Coronavirus Australia: Ex-PM Tony Abbott slams lockdown rules

UK’s ‘new Brexit trade envoy’ ex-Australian PM Tony Abbott says more elderly Covid patients should be allowed to die by ‘letting nature take its course’

  • Tony Abbott today said ‘we let fear of falling sick stop us from being fully alive’
  • He called for lockdown rules to be eased so people make their own decisions
  • He also confirmed he is in talks with UK ministers about taking on a trade role 

Ex-Australian prime minister Tony Abbott today suggested coronavirus lockdowns come at too high a price and nature should be allowed to ‘take its course’ for more elderly victims of Covid-19. 

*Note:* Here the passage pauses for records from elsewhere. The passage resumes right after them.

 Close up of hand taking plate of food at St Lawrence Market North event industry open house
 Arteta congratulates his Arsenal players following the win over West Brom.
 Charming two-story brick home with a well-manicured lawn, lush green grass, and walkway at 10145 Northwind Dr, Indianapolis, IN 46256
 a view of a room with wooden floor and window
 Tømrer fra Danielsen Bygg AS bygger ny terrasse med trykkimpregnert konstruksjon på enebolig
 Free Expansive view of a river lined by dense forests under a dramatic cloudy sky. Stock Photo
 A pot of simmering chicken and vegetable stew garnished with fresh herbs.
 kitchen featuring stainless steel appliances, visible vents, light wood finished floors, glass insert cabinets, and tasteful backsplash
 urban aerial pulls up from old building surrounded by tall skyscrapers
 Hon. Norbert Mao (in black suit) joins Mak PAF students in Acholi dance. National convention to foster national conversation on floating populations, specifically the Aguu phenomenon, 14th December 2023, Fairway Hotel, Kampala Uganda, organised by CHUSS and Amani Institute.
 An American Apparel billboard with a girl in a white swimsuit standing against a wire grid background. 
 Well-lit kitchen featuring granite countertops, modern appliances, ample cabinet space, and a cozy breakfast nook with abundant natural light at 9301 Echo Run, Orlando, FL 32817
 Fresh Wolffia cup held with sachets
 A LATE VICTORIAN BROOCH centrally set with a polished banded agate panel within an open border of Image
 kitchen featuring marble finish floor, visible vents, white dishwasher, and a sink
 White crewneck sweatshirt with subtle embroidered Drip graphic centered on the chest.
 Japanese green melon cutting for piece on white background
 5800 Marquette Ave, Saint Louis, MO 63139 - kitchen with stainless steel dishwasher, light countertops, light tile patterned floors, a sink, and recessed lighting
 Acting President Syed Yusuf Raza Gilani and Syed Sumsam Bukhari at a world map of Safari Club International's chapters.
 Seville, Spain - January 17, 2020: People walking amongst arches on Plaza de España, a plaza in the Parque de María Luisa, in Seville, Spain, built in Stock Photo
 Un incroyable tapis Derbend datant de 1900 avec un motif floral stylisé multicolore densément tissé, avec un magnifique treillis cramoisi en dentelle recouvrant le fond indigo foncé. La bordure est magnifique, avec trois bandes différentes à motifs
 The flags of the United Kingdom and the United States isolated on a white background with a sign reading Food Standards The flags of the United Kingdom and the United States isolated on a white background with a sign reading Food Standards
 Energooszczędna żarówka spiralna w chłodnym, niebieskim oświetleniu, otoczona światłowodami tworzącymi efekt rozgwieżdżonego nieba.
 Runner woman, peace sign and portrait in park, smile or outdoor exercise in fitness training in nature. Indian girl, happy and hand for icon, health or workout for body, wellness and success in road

Mr Abbott, who has been widely tipped to take on a post-Brexit trade role for the UK Government, told an event in London that ‘it’s a bad time for anyone with the virus, but it is also a bad time for people that would rather not be dictated to by officials’. 

He said the current pandemic had forced governments to ask the question ‘how much is a life worth’.  

But he argued that while ‘every death is sad’ that has ‘never stopped families sometimes electing to make relatives as comfortable as possible while nature takes its course’. 

Mr Abbott railed against lockdown rules as he called for them to be eased and for people to make more of their own decisions about the risks posed by coronavirus. 

He said ‘surely it is time to relax the rules so that individuals can take more personal responsibility’. 

He later confirmed that he is in talks with the UK Government about taking on a post-Brexit trade role. 

He has been widely tipped to become the joint president of Britain’s relaunched Board of Trade.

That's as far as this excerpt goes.